Most people in San Pedro today would not know what a kraal is, so we will have to draw a diagram of one to give you the full idea. Only the richer people in San Pedro had kraals, but the common children enjoyed it the most, so a kraal was very important to all of us poor kids living in the 1950’s.

A business lady from Belize City, Mrs. Serafina Encalada had a kraal right in front of her home and the Blakes had one which was mostly used by the nuns when they visited the island for their Easter or Summer vacations.

So you are still wondering what is a kraal, right? It is a swimming spot, sort of like a swimming pool built right in the sea. It comprised an enclose area about 30 feet wide by about 75 feet long built with pimento sticks or any type of bush sticks and posts sticking about three feet above the sea level.

To be able to walk all around the kraal there was a one foot board fixed on the edges. At the beginning of the kraal there was a small dressing room and at the far end a platform where the rich people could sunbathe either in a hammock or recliner chair. You can imagine the “rich and famous” feeling one got by owning a kraal and enjoying it to the fullest.

But why have a kraal? Well, the sea grass bed was removed to provide an absolutely white sandy swimming spot. It ensured that predators like sharks would not attack a swimmer. It also guaranteed that the owners would have privacy and be able to swim unmolested by anyone. It guaranteed that they would not be stung by sea urchins or sting rays, which live in the sea grass beds.

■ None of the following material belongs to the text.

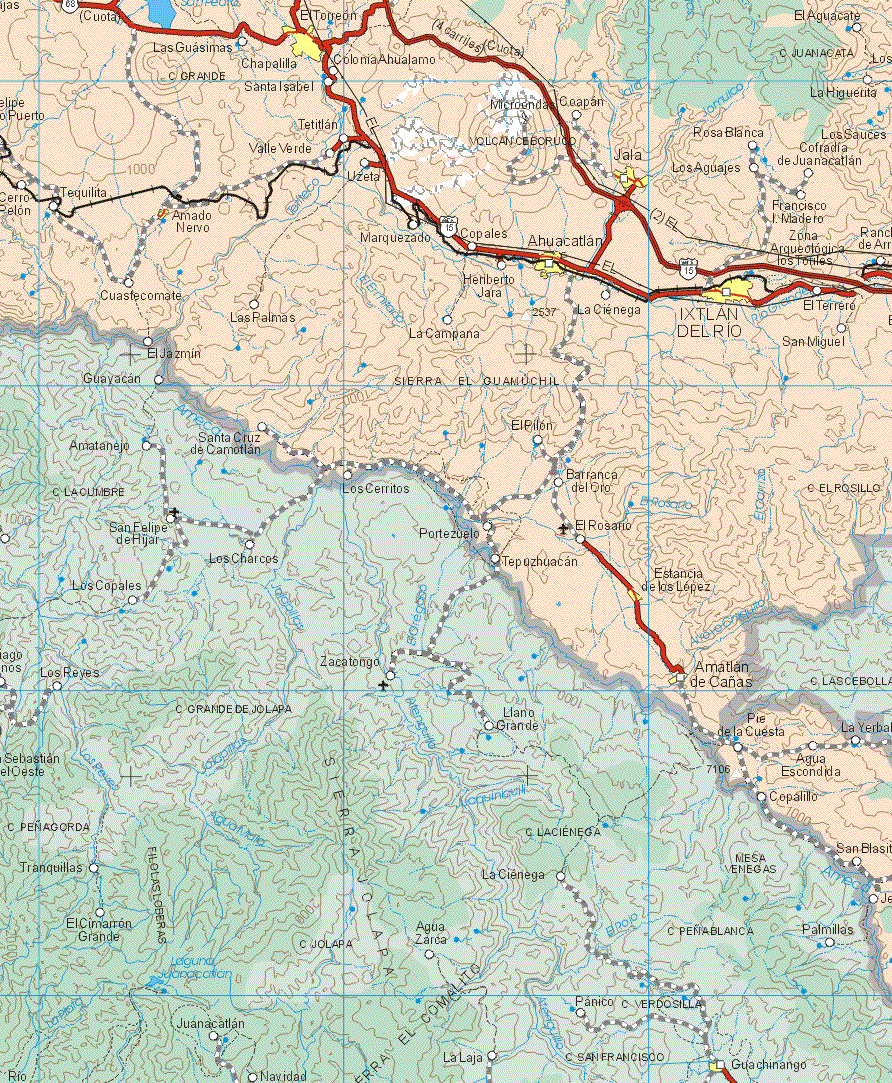 Este mapa muestra las poblaciones de El Torreón, Chapililla, Jala, Amado Nervo, Ahuacatlan, Ixtlan del Río, Estancia de los López, Amatlan de Cañas. Ademas de los pueblos y poblados de Las Guasimas, Colonia Ahualamo, Santa Isabel, El Aguacate, La Higuerita, Copan, Tetitlan, Rosa Blanca, Valle Verde, Cofradía de Juanacatlan, Los Aguajes, Useta, Francisco I. Madero, Marquezado, Copales, Heriberto Jara, Cuastecomate, Las Palmas, La Campana, La Ciénega, El Terrero, San Miguel, El Jazmín, Guayacán, Santa Cruz de Camotlan, El Pilón, Barranca del Oro, El Rosario, Portezuelo, Tepuzhuaca, Pie de la Cuesta, Agua Escondida, Capalillo, San Blasito.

Let me put it simply, it was like owning your own swimming pool right in the sea just a stone throw from the beach. It also made you owner of a spot in the sea, which is supposedly government or public property.

The owners of a kraal obviously enjoyed their facility and status, but that is not to say that we the local boys and girls did not. There was a huge sign that read: “Private Property”, and there was a large fence and gate right across the pier leading up to the kraal to prevent people from going up the kraal. But that was not barrier enough to prevent the boys and girls from going up the kraal to enjoy it the fullest in the absence of the owners. On Sundays the kraal was full to capacity with swimmers ages 3 to 15 looking like a swimming pool at Holliday Inn.

During the week mostly boys used the kraal for swimming. In the evenings and at night we also used the kraal to cast our fishing lines. Unfortunately there were some kids that left their bait and mess on the deck of the kraal, which was what the owners detested and thus the reason for the sign prohibiting the use of the kraal by others. To the owners and the person in charge of safekeeping the kraal, Twenty Five Years Ago offers an apology.